Sunday, April 3, 2005

Requiescat in Pace

Pope John Paul II has been referred to as a 'politician' in some of the broadcasts that I watched over the weekend. I disagree completely. The Pope is unlike any politician the world has ever known. Pope John Paul II has never wavered from the principles of his platform, a life-based platform that causes many American Catholics to treat Catholicism as a buffet: only take the parts you like.

I recognize in myself the way that I have casually treated my faith. When I started college, I drifted away from accepted church teachings. After a childhood of regular mass attendance, I attended church irregularly in college. I didn't see anything fundamentally wrong with birth control, premarital sex, a woman's right to choose, married priests, swearing, or same-sex marriage. I returned to regular mass attendance after getting married (1995) but since my church closed last Fall, my attendance has gone way down. I don't know whether my absence is more political protest or whether I was just "tired of the message."

The Pope of the Catholic Church since I was ten years old has never wavered from this message, the "Good News" of Jesus Christ, the message of life. His steadfastness comforted me. I reach for my faith because it is the only thing that I have ever known to "believe." I was raised a Catholic and I continue to declare myself a Catholic. I may be skeptical about my faith. I may be critical about my faith. I may be sullen about my faith. But I don't deny my faith.

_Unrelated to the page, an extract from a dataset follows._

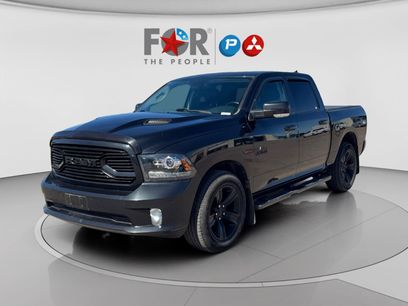 Used 2018 RAM 1500 Sport w/ Sport Premium Group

This weekend begins a mourning period the world over. There are complex and well described rituals that must be followed in the coming days to handle the pope's funeral, the mourning, and, inevitably, the selection of a new pope. As a critical and curious Catholic, the rituals remind me of the man-made 'construction' of my faith. But the rituals will also allow me and the rest of the world to celebrate the life of a man who believed in Jesus Christ's message completely and utterly.